Yes! EUGENe does not currently have any built-in models that support epigenetic tracks as input features, but it is possible to incorporate them into your own custom models. SeqData can easily read in epigenetic tracks from a variety of file formats and convert them into a PyTorch dataloader.

I am a power user when it comes to DL for regulatory genomics. Why would I use EUGENe?¶

Thanks for checking out EUGENe. We recognize that users may already have their favorite tool or library (or just don’t use PyTorch!). Advanced users may nonetheless find many aspects of EUGENe useful even if they prefer to build their workflows from the existing tools in this space. EUGENe was built in a modular manner, and can therefore be seen as another tool in the toolkit, much like captum or logomaker say, where a user can take advantage of the parts they want and ignore the parts they don’t.

For instance, a machine learning scientist might be familiar with captum and its usage, but have never worked with a BigWig file before.
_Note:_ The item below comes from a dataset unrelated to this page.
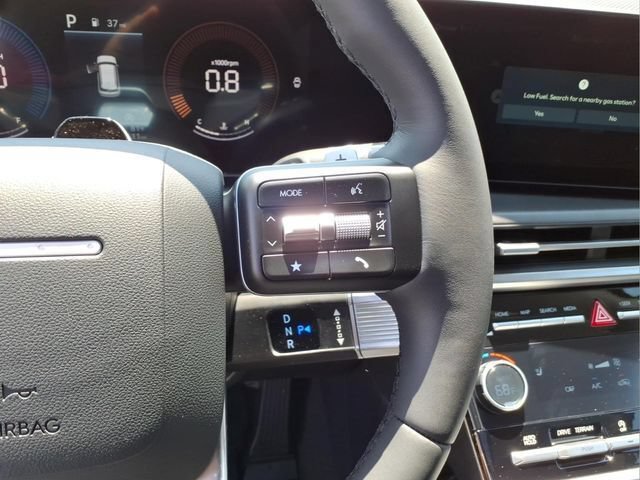 New 2026 Hyundai Santa Fe XRT AWD/4WD image 19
Such a user could use EUGENe (or just SeqData on its own) to load and preprocess their dataset, and then decide to train, evaluate and interpret the model with other packages or their own bespoke code. EUGENe can also help advanced users reduce repetitive tasks (e.g. boilerplate architecture definitions, training loops, attribution analysis, etc.) and mitigate errors in bespoke implementations.

Most importantly, we also believe that advanced users can help us further develop EUGENe’s functionality by adding more complex workflows and tools, making them more broadly accessible. This is job for more than a handful of people, and we welcome contributions from the community to help us expand EUGENe’s functionality. We envision that this list will grow as the field of regulatory genomics continues to develop and new DL solutions are published.
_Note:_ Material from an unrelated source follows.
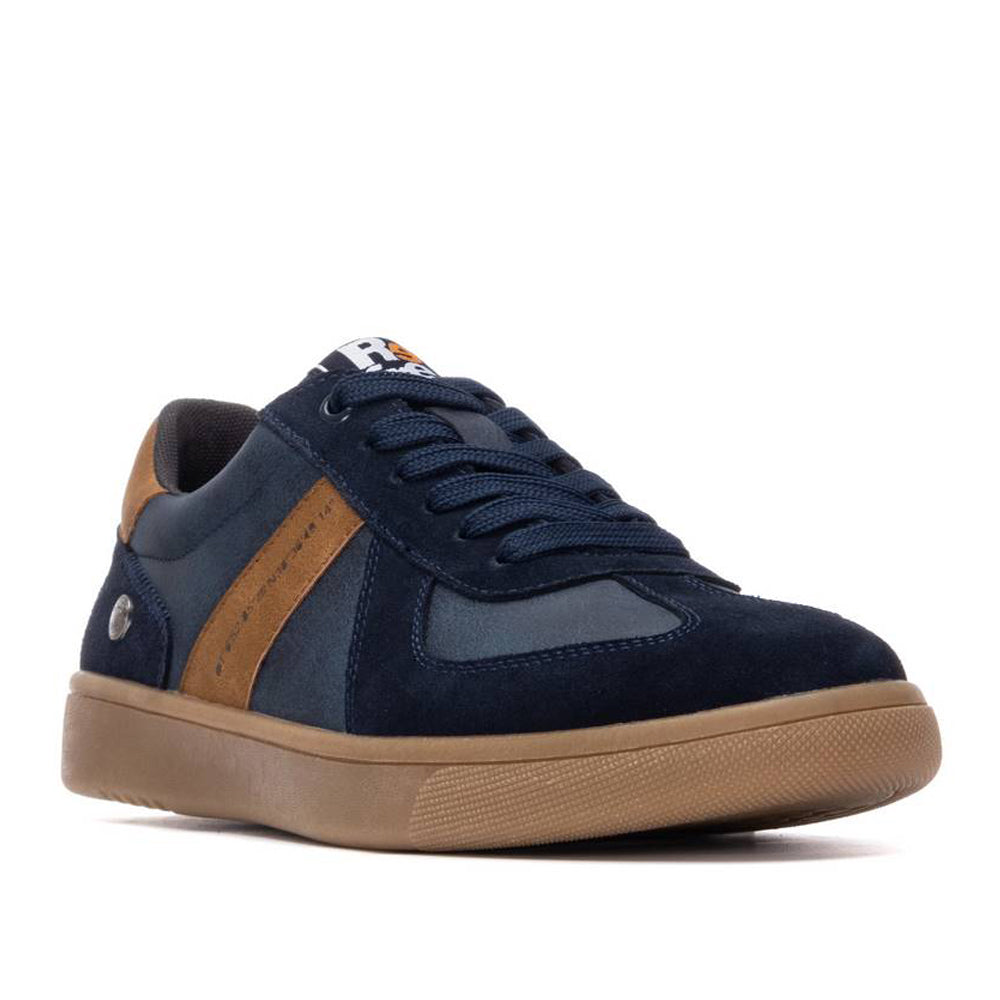 Sneakers Refresh Uomo - Blu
How can I contribute to EUGENe?¶

Check out the contributor’s guide for more information on how to contribute to EUGENe. We welcome contributions such as bug reports, bug fixes, documentation improvements, enhancement suggestions, and other ideas!

I am an industry researcher. Can I contribute to EUGENe?¶

Yes! We hope that EUGENe will grow into a community project that can let you build a network that lasts across jobs and roles. Lifelong employment at a corporation is less and less common. Joining our community will let you build bonds that cross jobs and could help you do your job today better too!

What is the EUGENe logo supposed to be?¶

Obviously the most important FAQ should be saved for last. The logo is a reference to the character [Eugene Fitzherbert](https://www.youtube.com/watch?v=P1IHKm7yolM) from the Disney movie [Tangled](https://www.google.com/search?q=tangled&tbm=isch&sa=X&ved=2ahUKEwiip4i555iAAxWqIUQIHb9QBlcQ0pQJegQIDxAB&biw=1728&bih=1000&dpr=2). The logo is a stylized version of the character's [trademark vest](https://www.google.com/search?q=eugene+fitzherberts+vest&tbm=isch&ved=2ahUKEwjqvOLF55iAAxXyNkQIHY9eAwgQ2-cCegQIABAA&oq=eugene+fitzherberts+vest&gs_lcp=CgNpbWcQAzoKCAAQigUQsQMQQzoFCAAQgAQ6BwgAEIoFEENQ7wRYvQpgiQtoAHAAeACAAUCIAZUDkgEBN5gBAKABAaoBC2d3cy13aXotaW1nwAEB&sclient=img&ei=kc-2ZKqwCfLtkPIPj72NQA&bih=1000&biw=1728), designed by the wonderful [Michelle Franc-Ragsac](https://www.mragsac.com/) formerly of Bioinformatics and Systems Biology program fame at UC San Diego.

We thought this was a fitting analogy for EUGENe, a bioinformatics tool with a good heart and trying to find its place in the world of DL for regulatory genomics.

David Kelley has his kennel of models, Jacob Schreiber has his orchard of models and tools. Dibs on Disney characters for the EUGENe team.